MATERIAL SHOWN
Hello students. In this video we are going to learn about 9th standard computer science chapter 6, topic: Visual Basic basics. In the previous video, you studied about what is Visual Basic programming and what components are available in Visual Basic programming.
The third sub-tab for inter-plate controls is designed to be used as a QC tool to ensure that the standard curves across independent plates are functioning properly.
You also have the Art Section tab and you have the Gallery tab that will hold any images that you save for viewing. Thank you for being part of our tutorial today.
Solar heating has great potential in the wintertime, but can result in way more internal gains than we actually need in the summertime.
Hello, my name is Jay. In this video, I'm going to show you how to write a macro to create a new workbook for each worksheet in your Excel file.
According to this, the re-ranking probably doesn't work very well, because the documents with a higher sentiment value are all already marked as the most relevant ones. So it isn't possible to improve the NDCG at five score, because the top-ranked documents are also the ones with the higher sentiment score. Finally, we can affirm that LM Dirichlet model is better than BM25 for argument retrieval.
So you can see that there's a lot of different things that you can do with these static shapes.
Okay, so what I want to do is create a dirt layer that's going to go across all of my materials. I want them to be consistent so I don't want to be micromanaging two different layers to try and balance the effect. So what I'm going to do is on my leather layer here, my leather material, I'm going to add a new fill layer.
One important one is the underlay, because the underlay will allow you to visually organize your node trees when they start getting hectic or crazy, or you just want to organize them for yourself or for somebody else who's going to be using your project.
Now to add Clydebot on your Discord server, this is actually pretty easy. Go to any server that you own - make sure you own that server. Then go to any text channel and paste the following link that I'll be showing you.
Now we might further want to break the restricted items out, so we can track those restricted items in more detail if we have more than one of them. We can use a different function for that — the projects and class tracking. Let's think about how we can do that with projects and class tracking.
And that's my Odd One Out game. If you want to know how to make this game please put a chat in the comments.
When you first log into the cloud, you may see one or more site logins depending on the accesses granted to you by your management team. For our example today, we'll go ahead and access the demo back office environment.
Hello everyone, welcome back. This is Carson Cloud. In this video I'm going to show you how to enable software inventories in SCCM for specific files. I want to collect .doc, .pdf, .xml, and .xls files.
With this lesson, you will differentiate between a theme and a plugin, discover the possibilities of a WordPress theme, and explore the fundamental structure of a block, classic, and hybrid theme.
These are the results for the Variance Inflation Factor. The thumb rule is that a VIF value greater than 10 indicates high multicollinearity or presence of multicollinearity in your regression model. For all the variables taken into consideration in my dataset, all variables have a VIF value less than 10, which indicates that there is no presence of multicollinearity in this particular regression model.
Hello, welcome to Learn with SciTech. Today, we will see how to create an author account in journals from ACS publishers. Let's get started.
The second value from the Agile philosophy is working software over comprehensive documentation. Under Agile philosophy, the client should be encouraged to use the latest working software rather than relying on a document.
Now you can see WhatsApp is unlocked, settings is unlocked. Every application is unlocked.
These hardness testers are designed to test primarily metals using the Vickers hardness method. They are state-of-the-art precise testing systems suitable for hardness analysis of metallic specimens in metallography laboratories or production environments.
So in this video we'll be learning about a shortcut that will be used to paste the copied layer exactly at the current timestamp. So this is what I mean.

WORK ORDER
Gather each line of the records holding the string "into".

RESPONSE AREA
When you first log into the cloud, you may see one or more site logins depending on the accesses granted to you by your management team. For our example today, we'll go ahead and access the demo back office environment.
These are the results for the Variance Inflation Factor. The thumb rule is that a VIF value greater than 10 indicates high multicollinearity or presence of multicollinearity in your regression model. For all the variables taken into consideration in my dataset, all variables have a VIF value less than 10, which indicates that there is no presence of multicollinearity in this particular regression model.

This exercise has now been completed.